Покупаешь старую дубовую бочку… «Дубовую бочку из венгерского колотого дуба с обжигом по требованию клиента» или хотя бы «дубовые клепки средней обжарки», или «дубовые чипсы из американского дуба с сильным обжигом»… Или «экстракт коры дуба для крепких алкогольных напитков» и… – тараторила без умолку Анна, вычитав на досуге в интернете эти «полезные» сведения.
– Отпилить да покрасить…
– Причем здесь «отпилить да покрасить» – обиделась она: Алекс всегда подтрунивал над ней, когда Анна утверждала, как легко что-то сделать.
Выпили кофе, потом пили чай с печеньками, посоветованными старой еврейкой, с которой разговорились в супермаркете – еврейка не подвела, но Анна совсем не помнила, как оказалась с Рустамом наедине, пытаясь показать ему пасодобль.

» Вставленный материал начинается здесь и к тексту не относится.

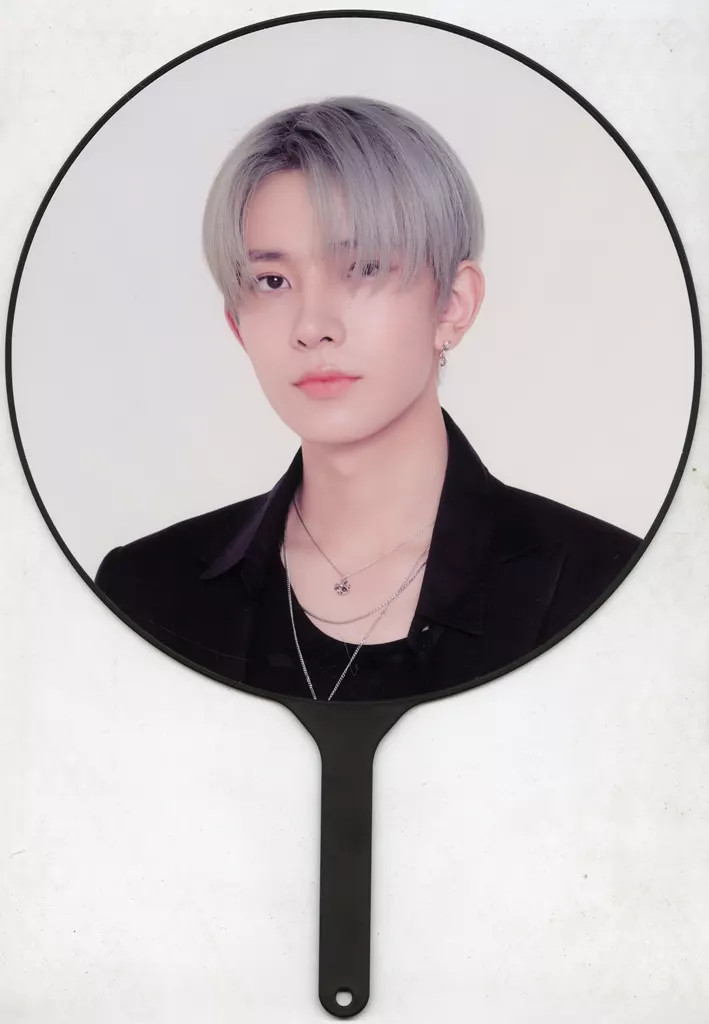 ENHYPEN Fan Heeseung Image Picket Japan Tour Merchandise 425x295mm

Пасодобль не задался; зазвучало танго, его тоже не смогли сделать, все-таки не каждый день выпиваешь полтора литра коньяка, да еще в коронном темпе Алекса, словно глушишь водку. Но попыток не оставляли, пока не остановились совсем, тесно прижатые друг к другу.
– Так? – спросил Рустам.
– Так, – подтвердила разгоряченная Анна – хотя было совершенно не так – и кивнула для большей убедительности.
– Ты правда хочешь научиться? – спросила она, почти касаясь губами его лица.
– Хочешь? – с нажимом сказала снова, пристально глядя ему в глаза.
– Хочу, – подтвердил Рустам абсолютно серьезно, и было неясно, почувствовал ли он случайно проскользнувшую двусмысленность.
Он провел рукой по ее волосам, заправил выбившуюся прядку за ухо. Это легкое, почти неуловимое прикосновение было совсем иным, нежели их тесный контакт во время танца. У Анны перехватило дыхание.